> About this exercise:
Leave out all pictures while repeating the records exactly and completely.

*** Source information ***

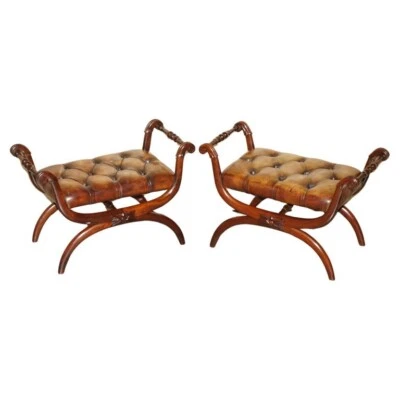 PAIR OF ANTIQUE BROWN LEATHER CHESTERFIELD TUFTED REGENCY FRAMED FOOTSTOOLS - Image 1 of 4
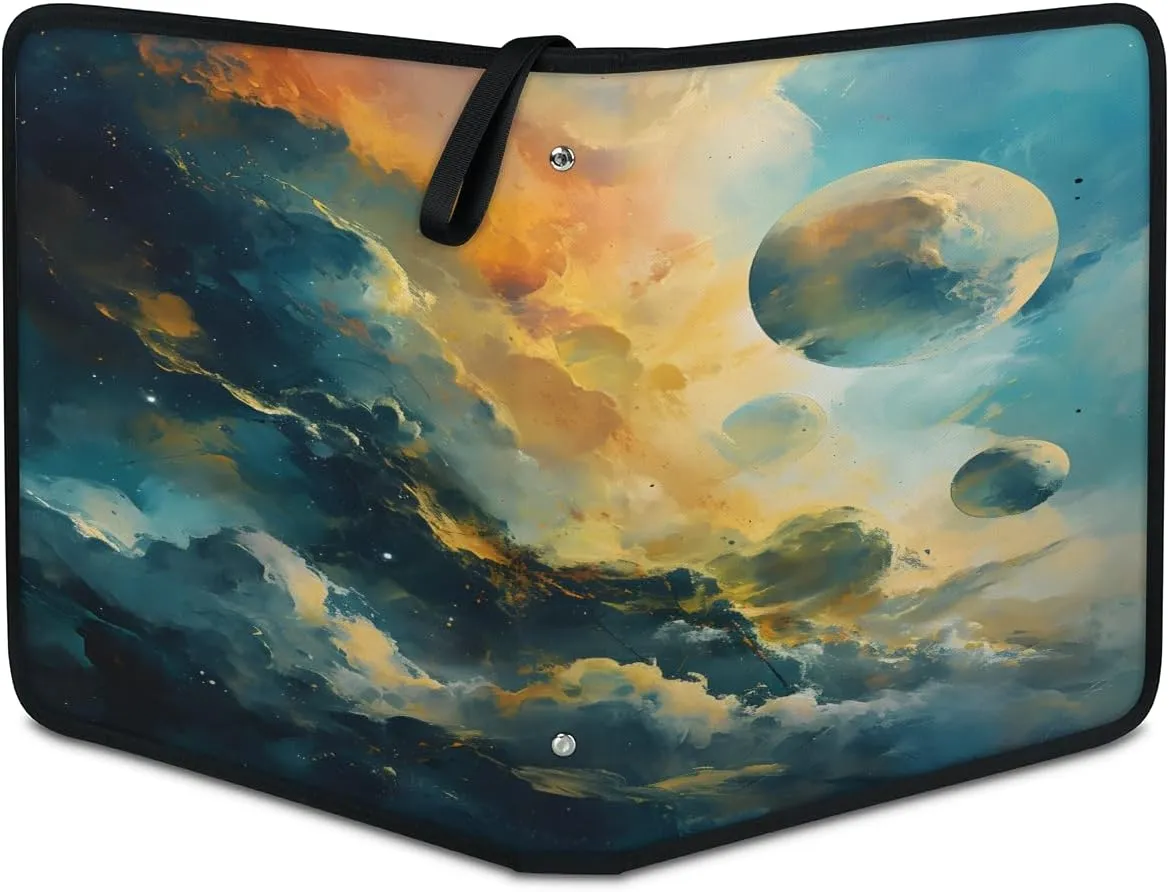 Oil Painting Planet 3 Ring Trading Zipper Binder Strap, Trading Card Binder 9 Pocket, 900 Pockets Card Holder with 50 Removable Sleeves for Game Cards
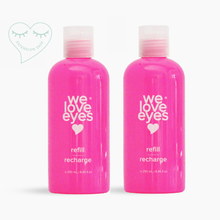 Load image into Gallery viewer, Two pink bottles labeled 'we love eyes' on a white background

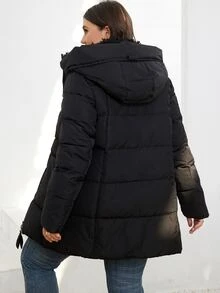 GASMAN Plus Pocket Patched Hooded Padded Coat - Black - View 2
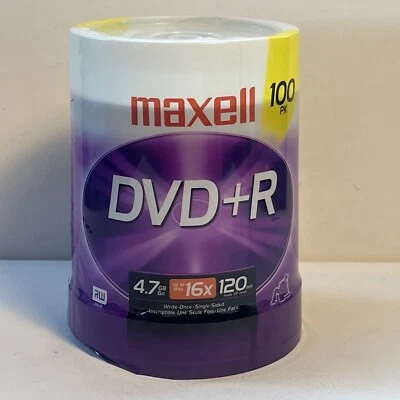 Maxell DVD+R 100 Pack 4.7 GB up to 16X 120 Minutes Single Sided SP Mode - Image 1 of 4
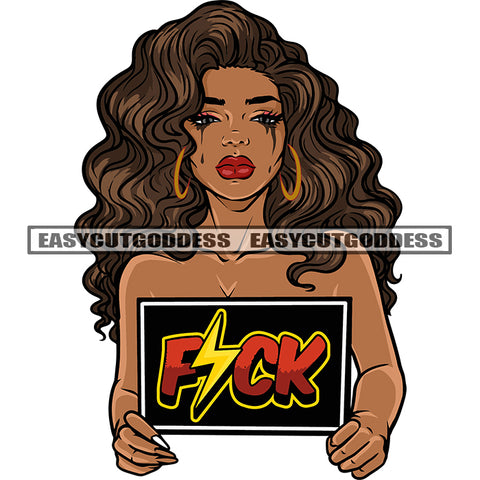 Fuck Quote African American Woman Hand Holding Banner Design Element Afro Curly Hairstyle Wearing Hoop Earing Woman Crying Blood Dripping On Eye White Background SVG JPG PNG Vector Clipart Cricut Silhouette Cut Cutting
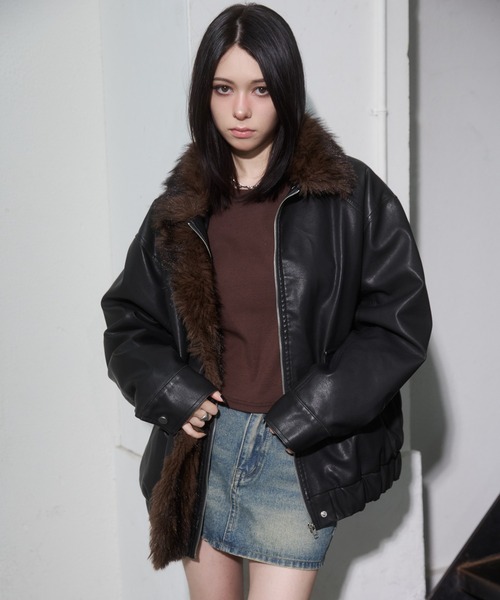 ENVYM（アンビー）の「ファードッキングレザーブルゾン（ブルゾン・レディース・ブラウン/ブラック・FREE）」の9枚目の写真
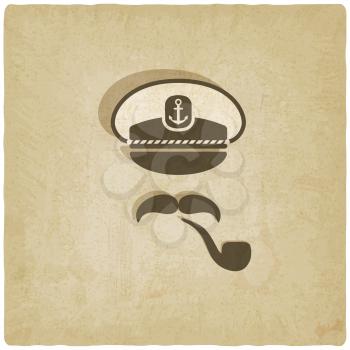 Captain mustache pipe old background - vector illustration. eps 10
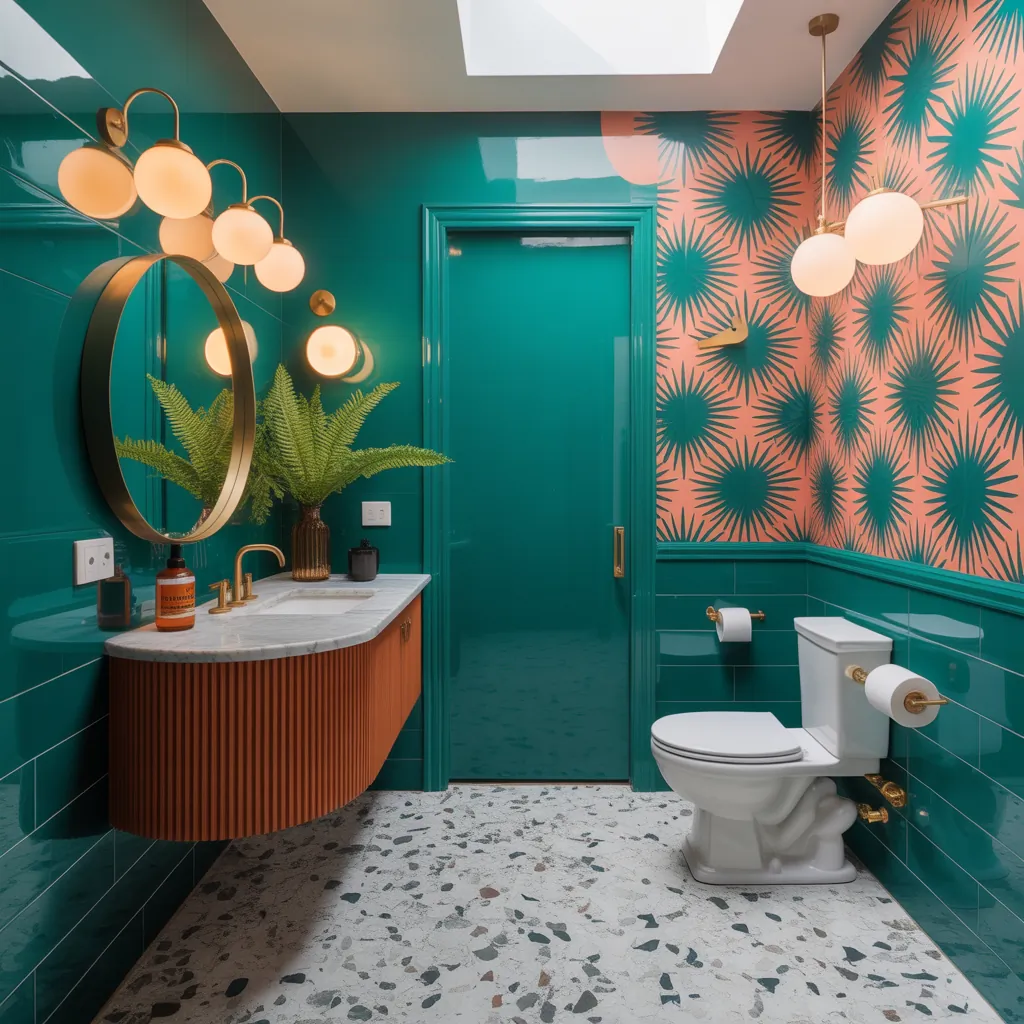 powder room colorful design ideas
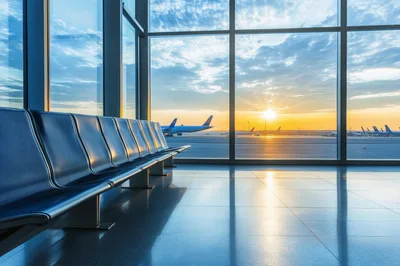 Empty Airport Terminal Waiting Area at Sunset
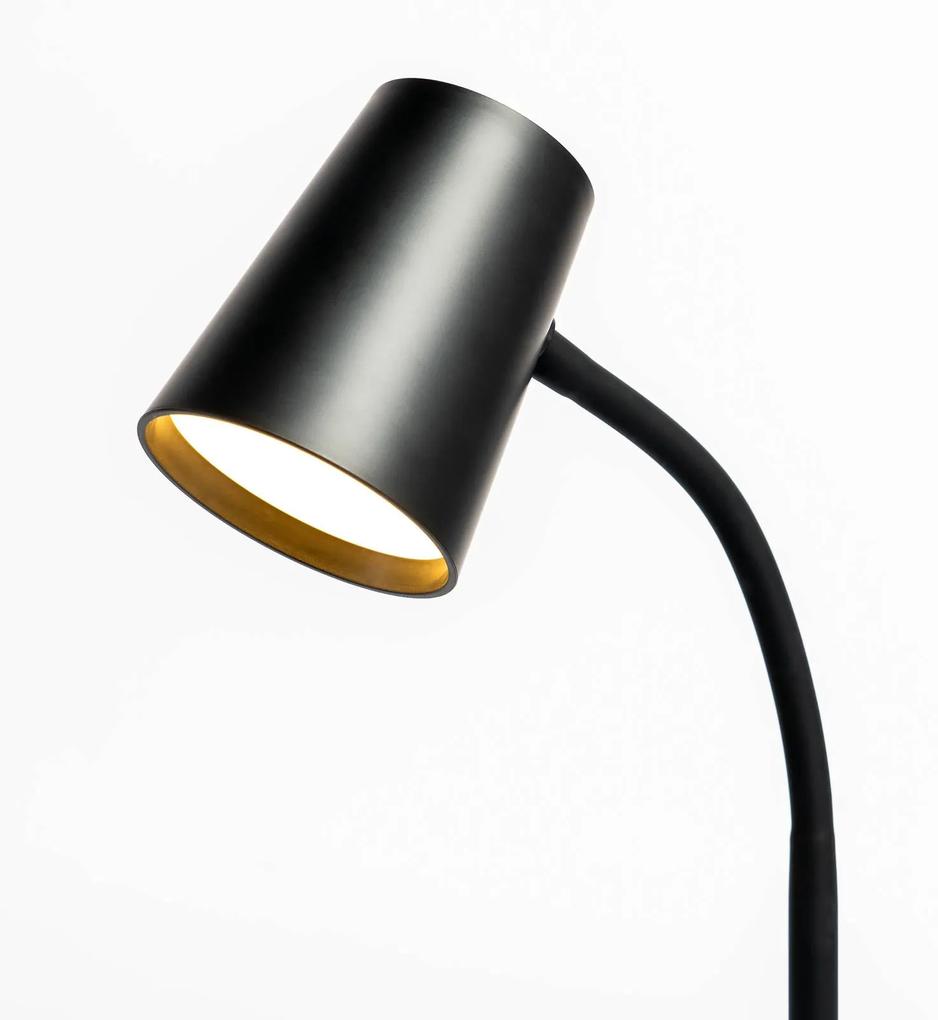 Lindby Ailina stolová LED okrúhly podstavec čierna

*** End of Source information ***

> Your solution:
 PAIR OF ANTIQUE BROWN LEATHER CHESTERFIELD TUFTED REGENCY FRAMED FOOTSTOOLS - Image 1 of 4
 Oil Painting Planet 3 Ring Trading Zipper Binder Strap, Trading Card Binder 9 Pocket, 900 Pockets Card Holder with 50 Removable Sleeves for Game Cards
 Load image into Gallery viewer, Two pink bottles labeled 'we love eyes' on a white background

 GASMAN Plus Pocket Patched Hooded Padded Coat - Black - View 2
 Maxell DVD+R 100 Pack 4.7 GB up to 16X 120 Minutes Single Sided SP Mode - Image 1 of 4
 Fuck Quote African American Woman Hand Holding Banner Design Element Afro Curly Hairstyle Wearing Hoop Earing Woman Crying Blood Dripping On Eye White Background SVG JPG PNG Vector Clipart Cricut Silhouette Cut Cutting
 ENVYM（アンビー）の「ファードッキングレザーブルゾン（ブルゾン・レディース・ブラウン/ブラック・FREE）」の9枚目の写真
 Captain mustache pipe old background - vector illustration. eps 10
 powder room colorful design ideas
 Empty Airport Terminal Waiting Area at Sunset
 Lindby Ailina stolová LED okrúhly podstavec čierna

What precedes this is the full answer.